• _Work order_:
Starting at the first entry below, repeat all the data word for word and drop the pictures.
Start of Working data
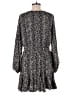 Jodifl Black Romper Size M - photo 2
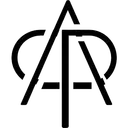 Its Plein Air Agency LLC logo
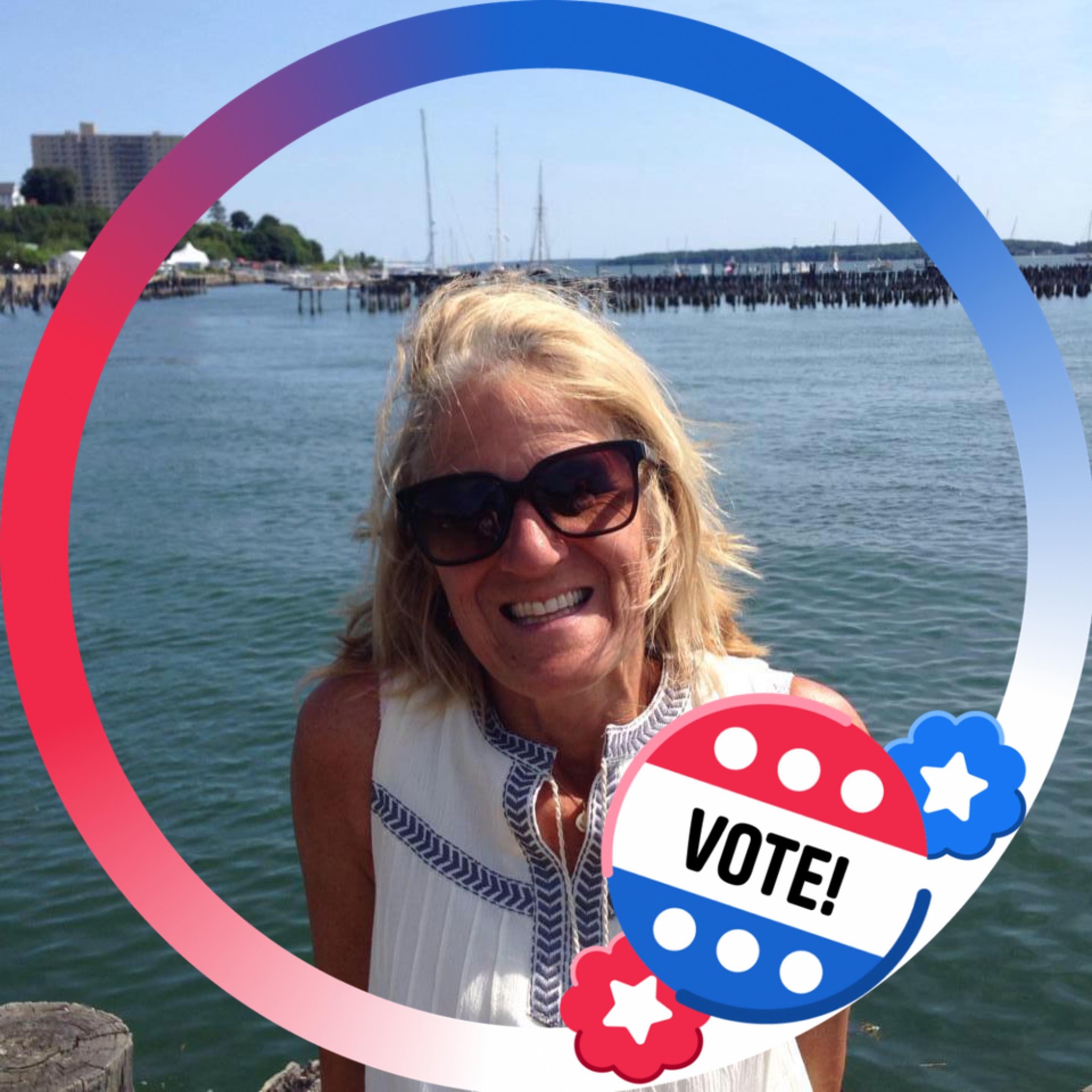 Michael Fulton - Wishing everyone a healthy and happy 2024! | Facebook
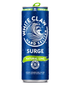 White Claw Surge - Lime (19oz can)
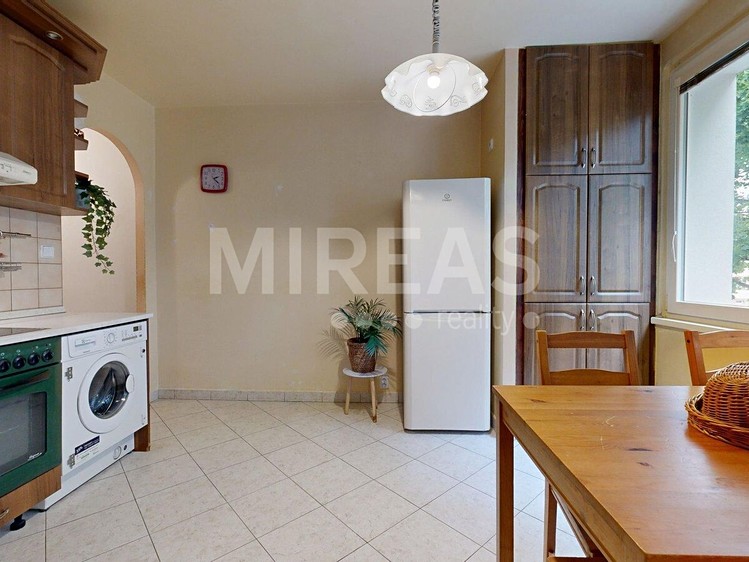 Wohnung 3+1 zum Kauf, 65 m² (5 von 17)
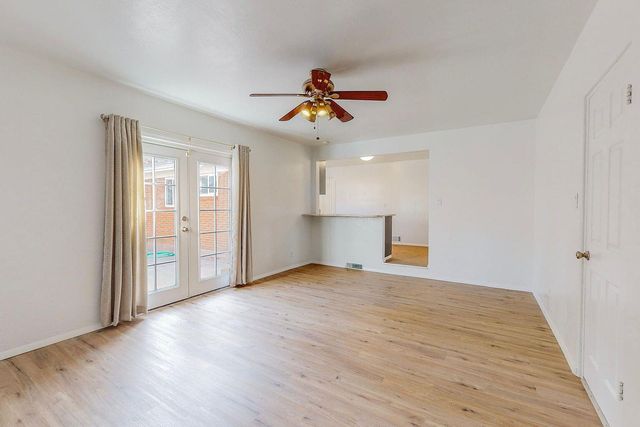 7508 Morrow Avenue NE, Albuquerque, NM 87110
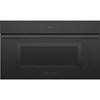 30-inch Built-in Speed Oven (OM30NMUB3) image 1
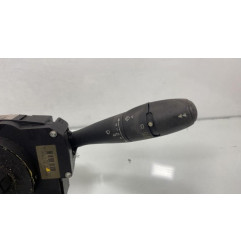 Com (Bloc Contacteur Tournant+Commodo Essuie Glace+Commodo Phare) CITROEN C2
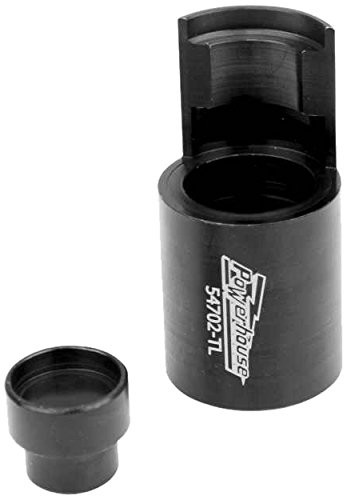 COMP CAMS 54702TL TRUNNION TOOL FOR LS ENGI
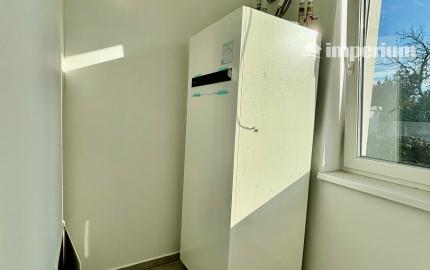 Alžbetin Dvor – Váš nový domov je tesne pred dokončením. Predaj 4 izb. rodinného domu v centre Miloslavova.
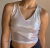 TOP IRIAM - comprar online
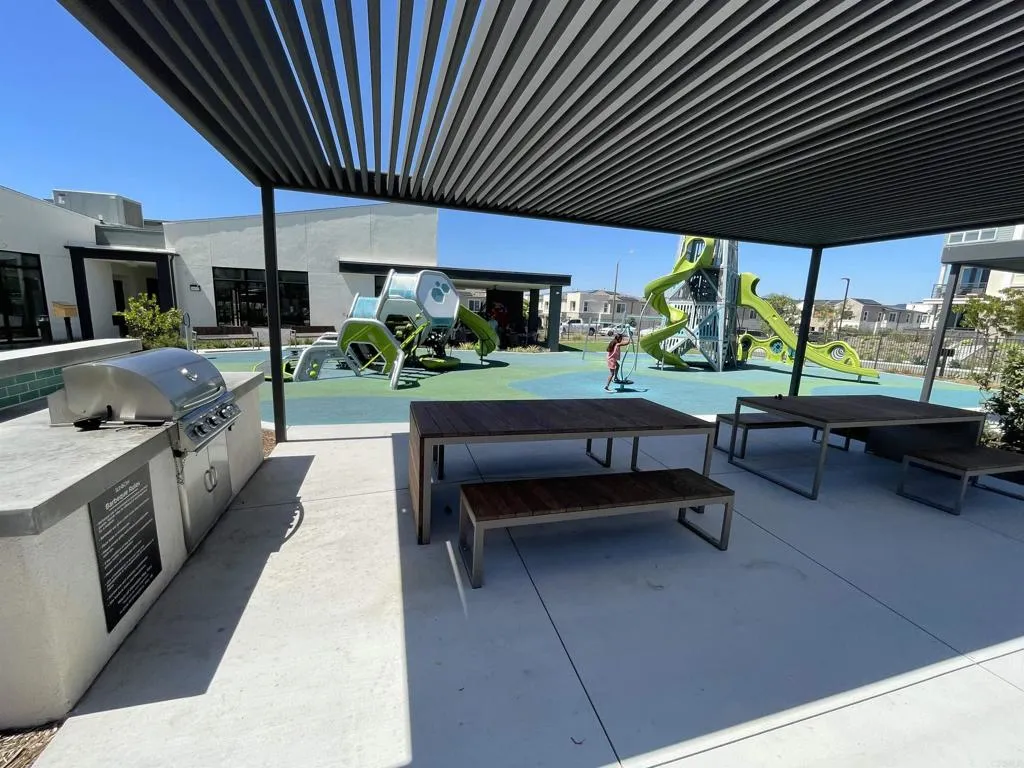 Photo #30: PTP2604773 Listing: Photo #30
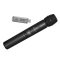 Behringer ULM100USB 2.4GHz, wireless, USB mikrofon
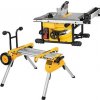 DeWALT DWE7485RS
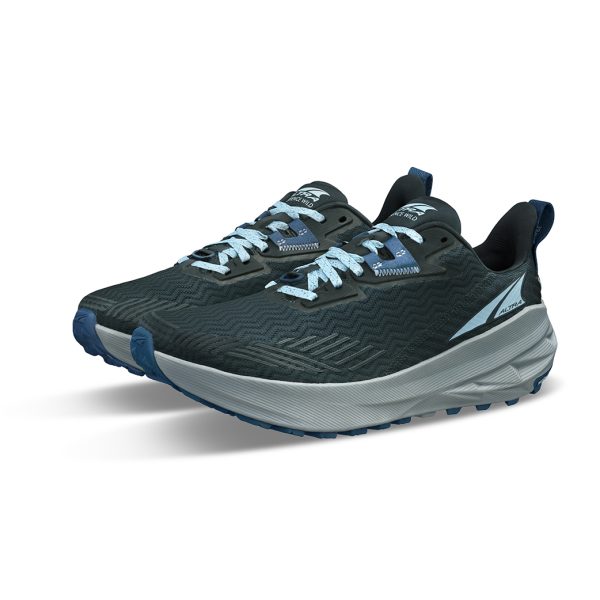 ALTRA EXPERIENCE WILD WOMENS 2025 - Image 6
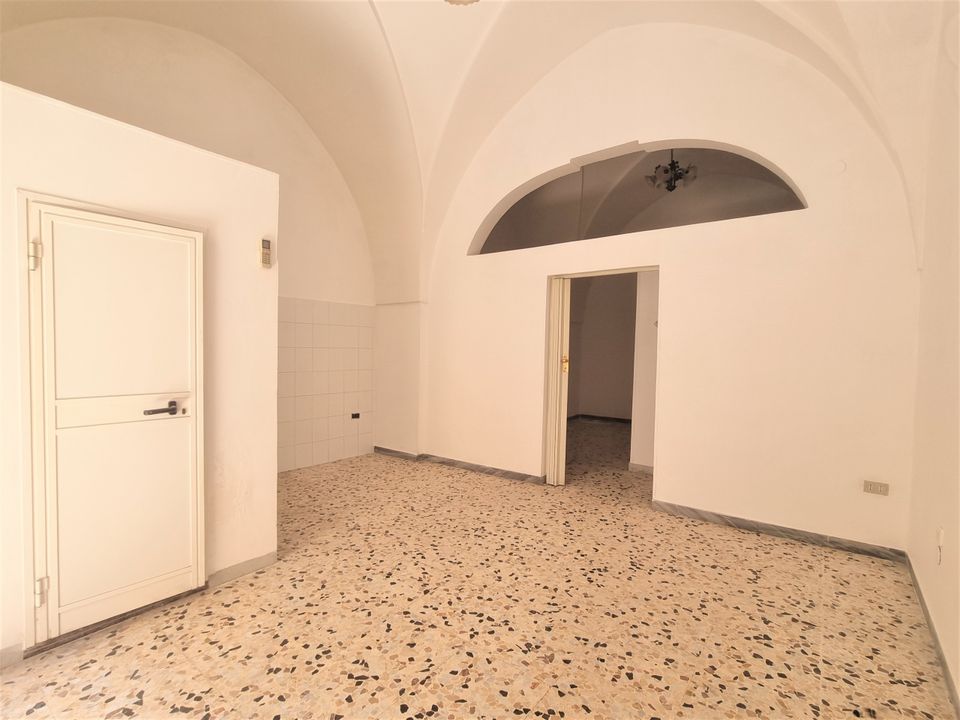 Villa i Grottaglie, Taranto - bilde 5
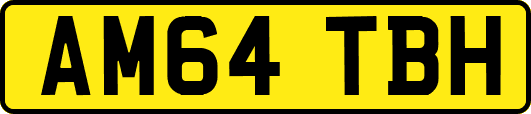 AM64TBH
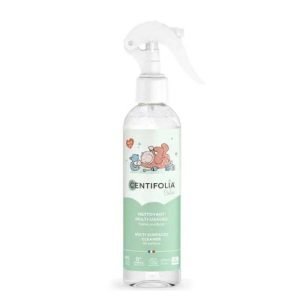 CENTIFOLIA BEBE NETTOYANT MULTI USAGES 250 ML - CENTIFOLIA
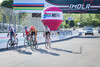 LIPPERT Liane: UCI Road Cycling World Championships 2020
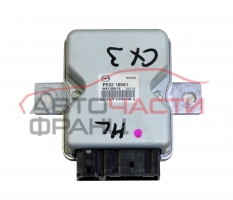 Модул горивна помпа Mazda CX-3 2.0 I 120 конски сили PE0218561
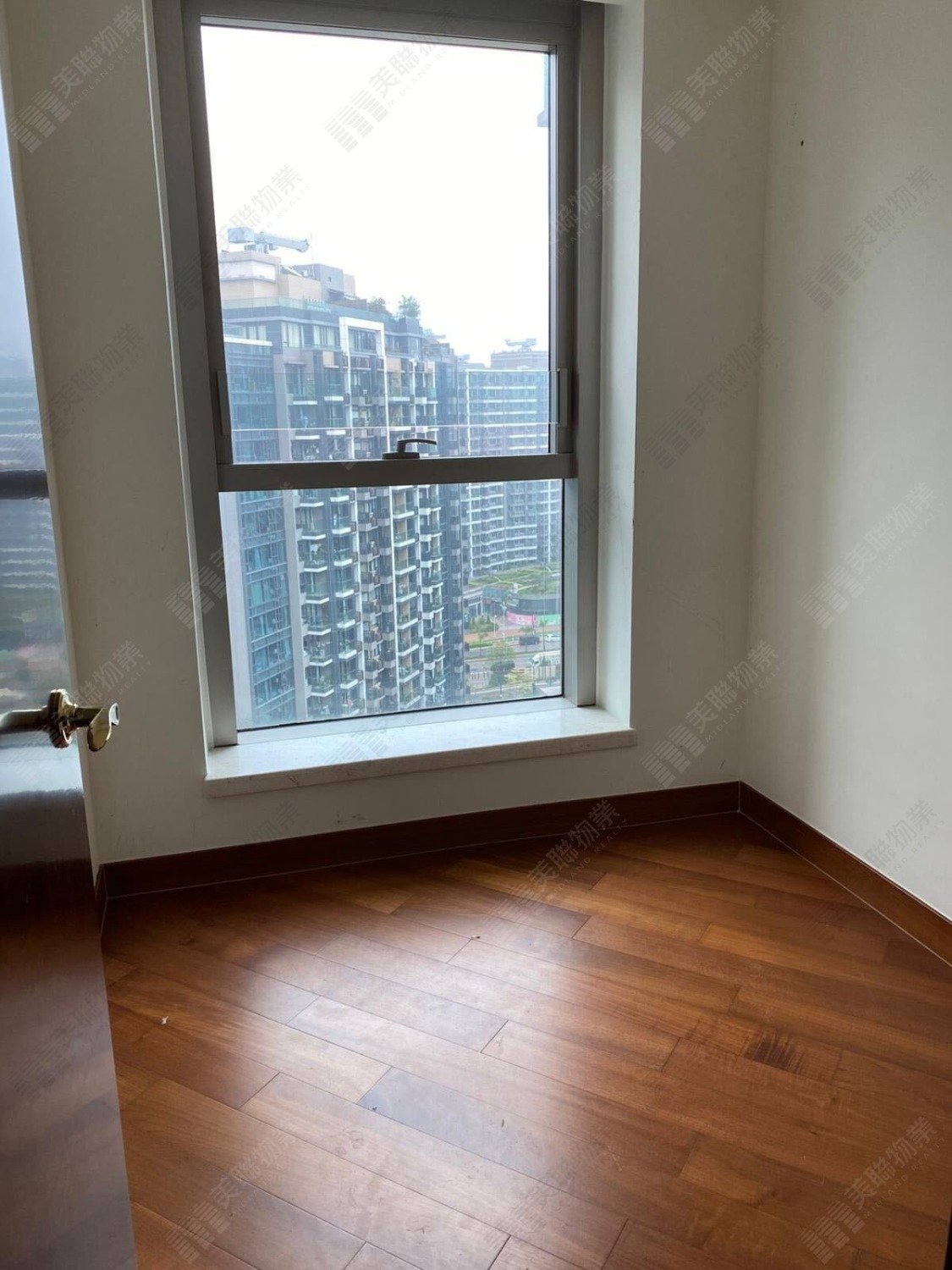 CORINTHIA BY THE SEA TWR 07 Tseung Kwan O H 1788202 For Buy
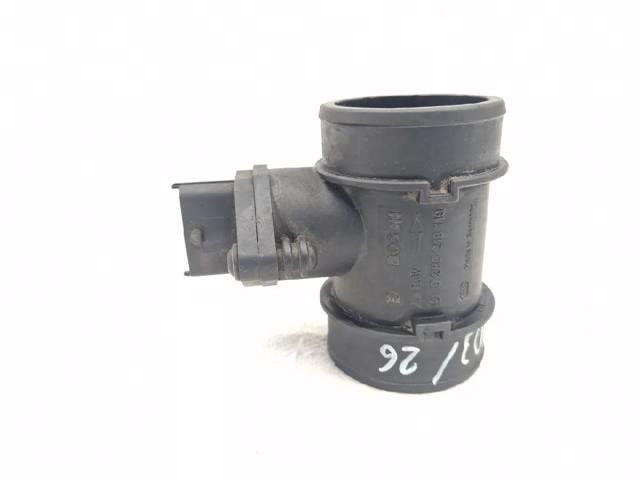 OPEL 93179927 Caudalímetro  en stock Terrassa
End of Working data
• _The completed task_:
 Jodifl Black Romper Size M - photo 2
 Its Plein Air Agency LLC logo
 Michael Fulton - Wishing everyone a healthy and happy 2024! | Facebook
 White Claw Surge - Lime (19oz can)
 Wohnung 3+1 zum Kauf, 65 m² (5 von 17)
 7508 Morrow Avenue NE, Albuquerque, NM 87110
 30-inch Built-in Speed Oven (OM30NMUB3) image 1
 Com (Bloc Contacteur Tournant+Commodo Essuie Glace+Commodo Phare) CITROEN C2
 COMP CAMS 54702TL TRUNNION TOOL FOR LS ENGI
 Alžbetin Dvor – Váš nový domov je tesne pred dokončením. Predaj 4 izb. rodinného domu v centre Miloslavova.
 TOP IRIAM - comprar online
 Photo #30: PTP2604773 Listing: Photo #30
 Behringer ULM100USB 2.4GHz, wireless, USB mikrofon
 DeWALT DWE7485RS
 ALTRA EXPERIENCE WILD WOMENS 2025 - Image 6
 Villa i Grottaglie, Taranto - bilde 5
 AM64TBH
 CENTIFOLIA BEBE NETTOYANT MULTI USAGES 250 ML - CENTIFOLIA
 LIPPERT Liane: UCI Road Cycling World Championships 2020
 Модул горивна помпа Mazda CX-3 2.0 I 120 конски сили PE0218561
 CORINTHIA BY THE SEA TWR 07 Tseung Kwan O H 1788202 For Buy
 OPEL 93179927 Caudalímetro  en stock Terrassa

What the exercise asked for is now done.